The third time will almost certainly be a charm for Banana Republic, as the retailer rolls out yet another capsule collection of crisp styles inspired by AMC's hit drama Mad Men.
The collection takes a cue from the mod fashion scene of the late 1960s, following the show's characters as they made their way through that turbulent and iconic era of American history last season. (Mad Men will return for a sixth season with a special two-hour premiere on April 7 at 9 p.m. ET/PT.)
"I think we were already feeling a little bit of that '60s vibe coming through from a trend point of view, between color and pattern, and even the shorter length (of hemlines)," says Simon Kneen, Banana Republic's creative director and executive vice president of design. "It felt easy to translate.

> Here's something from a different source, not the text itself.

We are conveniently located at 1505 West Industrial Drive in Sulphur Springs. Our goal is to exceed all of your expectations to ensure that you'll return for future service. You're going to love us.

For us, it didn't feel unnatural to go that way; it felt very like a very easy, natural fit."
Just as they did with the previous Mad Men-based collections, which launched in 2011 and 2012, Kneen and his design team worked closely with the show's Emmy-winning costume designer, Janie Bryant.

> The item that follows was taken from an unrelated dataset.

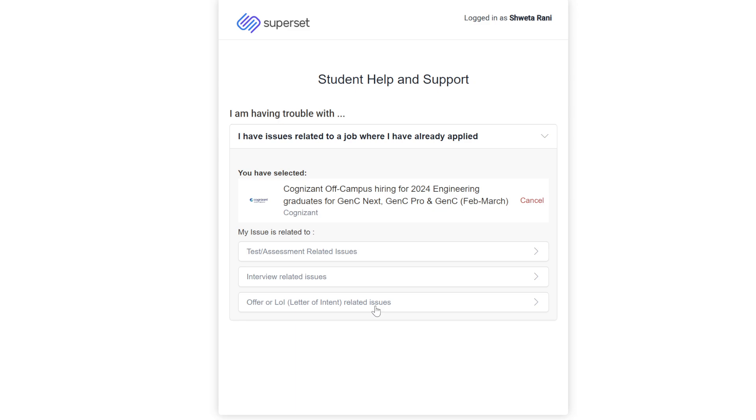For LOI or offer letter issues — if you have not received your offer letter or have a problem accepting it — go to the third option. If you haven't received it yet, select 'When will I receive my LOI or offer letter.' If you have an issue accepting the offer letter or LOI, select 'Issue while accepting an offer letter or LOI.' For interview queries use the second option, and for test issues use the first.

"She always brings such amazing inspiration for us to work from. She'll do her research, she'll bring in some of the pieces from the series, she'll talk about the characters. She'll talk in-depth about why details are so important related to the characters. And all this is amazing inspiration for myself and the design team to work from, so we need Janie. It's not like we can work in a bubble on this," Kneen says.
The collection makes its debut Wednesday in stores and online, and shoppers will be able to choose from more than 50 items of apparel and accessories for men and women that range in price from $29.50 to $375, including include dresses, pants, jackets, fedoras and ties.
Kneen adds that with such a successful, synergy-infused working relationship, fans of the show and the store should not discount a fourth collaboration. "Maybe the series will move onto the '70s, and we'll see what that will bring."
Gingham shell and capris
"The whole geo thing, from a prints and pattern, up until that point, everything was very natural and floral, almost pictoral. And, then the whole influence of space travel, modernism, modern design, cubism, Mondrian, all of those modern paintings and artists were very influential in the late '60s in the design. Later, they got into psychedelia with the drugs and etc., and everything got paisley, but before, there was that moment when geos were extremely important from a fashion point of view."
Green printed dress
"That's a knit jersey, and even the fabric here has a little bit of nylon synthetic in there that was of the time. If you remember, it was really important bringing synthetics into the clothes because of the practicalities of it was a big thing during the late '60s," Kneen explains. "It comes with a little felt belt that Janie was passionate about, because she always felt that there was a little bit of cinch on the waist without it being overexaggerated. It just added a little bit of ease and accentuation."
Red printed dress
"Again, that kind of shift idea, which doesn't seem extraordinary now, but of course, you can imagine at the time, these softer shapes, after women wearing such construction from underwear upwards, suddenly being in a relatively loose shift shape was very dramatic and very daring at the time. Not least, of course, she's showing all that leg. So it really is very iconic of the time, the shirtdress."
Chambray sport coat
"A big shift that Janie alluded to in the series is that they guys were suddenly - it wasn't cool to wear a suit. It was actually cooler to wear your sports jacket and look like you stepped off the golf course," Kneen says. "At the time, it was very informal and very anti-establishment. That (jacket) was taken directly from a swatch, if I remember correctly, that Janie provided us with that we had reproduced . Straight from the set."
Black and white clutch
"Black and white is iconic, but at the time, that optic use of color was revolutionary, because everything (before) was very natural and very colorful. Women wore pink or yellow or pale green, and colors weren't glaring," Kneen says. "So to go from that to an antithesis of this geometric black and white in any form was, again, very, very modern, very anti-establishment."